■ WORK REQUEST ■
Here are some entries. Print them exactly as they are.
─── SUPPLIED DATA ───
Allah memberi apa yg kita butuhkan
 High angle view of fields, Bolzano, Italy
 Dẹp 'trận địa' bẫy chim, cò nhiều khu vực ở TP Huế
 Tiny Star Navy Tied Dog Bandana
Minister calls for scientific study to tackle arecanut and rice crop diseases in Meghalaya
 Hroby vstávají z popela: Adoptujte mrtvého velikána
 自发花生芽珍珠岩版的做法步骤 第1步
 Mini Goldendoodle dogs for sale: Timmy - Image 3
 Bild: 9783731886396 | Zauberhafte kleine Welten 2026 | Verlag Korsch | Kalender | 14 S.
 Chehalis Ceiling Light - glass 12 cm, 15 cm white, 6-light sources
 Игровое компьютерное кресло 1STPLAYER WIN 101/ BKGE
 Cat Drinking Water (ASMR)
───
■ TASK ANSWER ■
Allah memberi apa yg kita butuhkan
 High angle view of fields, Bolzano, Italy
 Dẹp 'trận địa' bẫy chim, cò nhiều khu vực ở TP Huế
 Tiny Star Navy Tied Dog Bandana
Minister calls for scientific study to tackle arecanut and rice crop diseases in Meghalaya
 Hroby vstávají z popela: Adoptujte mrtvého velikána
 自发花生芽珍珠岩版的做法步骤 第1步
 Mini Goldendoodle dogs for sale: Timmy - Image 3
 Bild: 9783731886396 | Zauberhafte kleine Welten 2026 | Verlag Korsch | Kalender | 14 S.
 Chehalis Ceiling Light - glass 12 cm, 15 cm white, 6-light sources
 Игровое компьютерное кресло 1STPLAYER WIN 101/ BKGE
 Cat Drinking Water (ASMR)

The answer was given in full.